• [Assignment]: Keep the pictures out. Copy every line of the listing exactly.

• [Data section]:
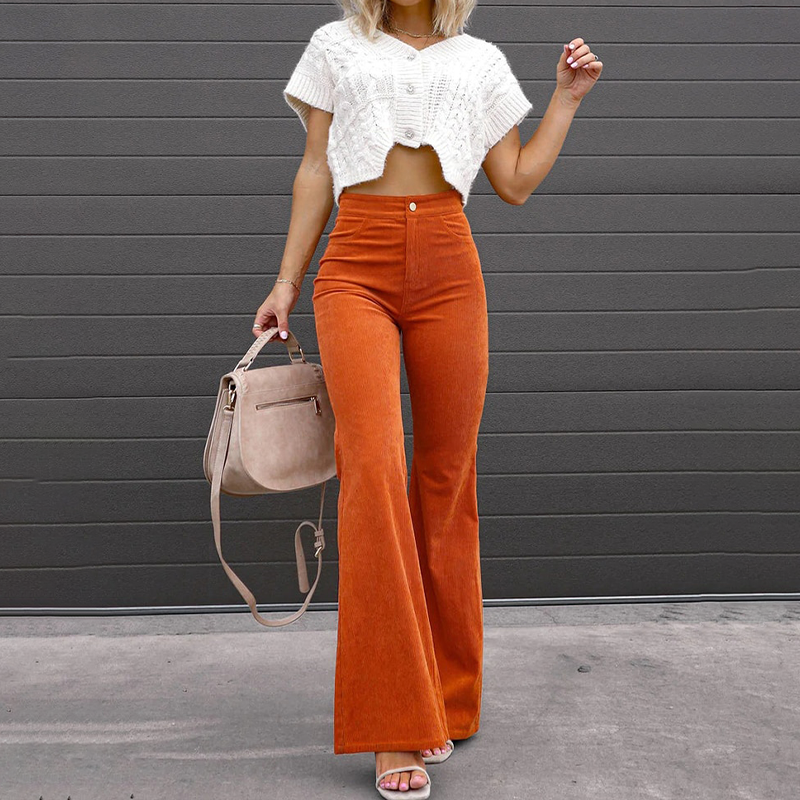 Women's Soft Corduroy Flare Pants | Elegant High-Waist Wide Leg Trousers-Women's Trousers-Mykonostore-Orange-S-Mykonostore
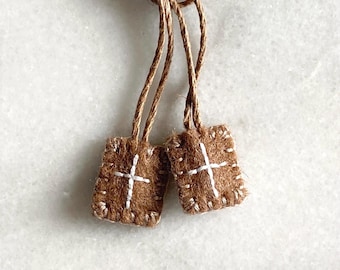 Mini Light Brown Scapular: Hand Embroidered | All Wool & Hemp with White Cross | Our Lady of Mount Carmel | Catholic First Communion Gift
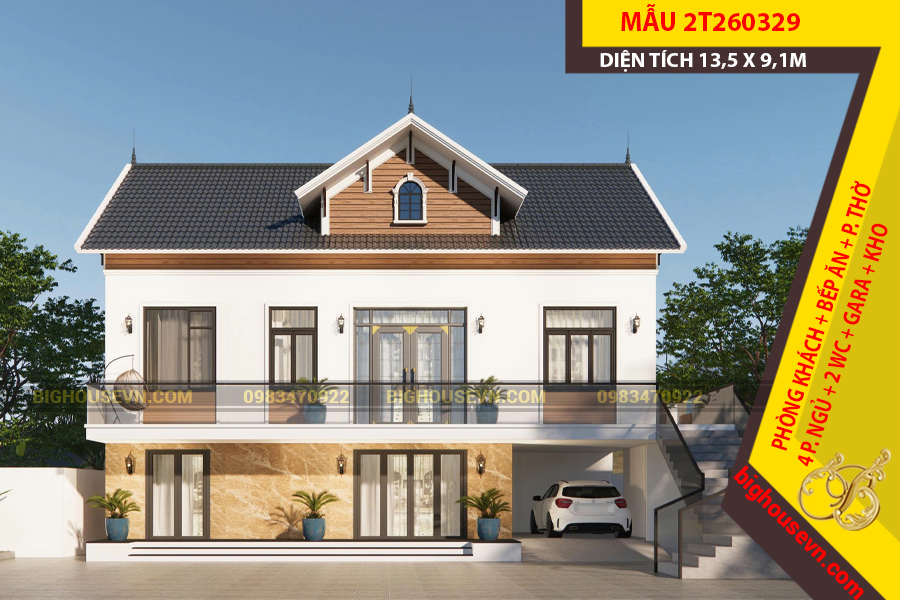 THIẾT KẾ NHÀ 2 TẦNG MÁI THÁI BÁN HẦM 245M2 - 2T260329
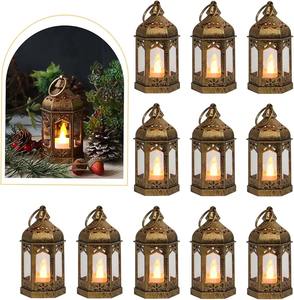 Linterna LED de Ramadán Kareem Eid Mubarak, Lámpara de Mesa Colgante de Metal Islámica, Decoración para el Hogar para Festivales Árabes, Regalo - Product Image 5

• [Task answer]:
 Women's Soft Corduroy Flare Pants | Elegant High-Waist Wide Leg Trousers-Women's Trousers-Mykonostore-Orange-S-Mykonostore
 Mini Light Brown Scapular: Hand Embroidered | All Wool & Hemp with White Cross | Our Lady of Mount Carmel | Catholic First Communion Gift
 THIẾT KẾ NHÀ 2 TẦNG MÁI THÁI BÁN HẦM 245M2 - 2T260329
 Linterna LED de Ramadán Kareem Eid Mubarak, Lámpara de Mesa Colgante de Metal Islámica, Decoración para el Hogar para Festivales Árabes, Regalo - Product Image 5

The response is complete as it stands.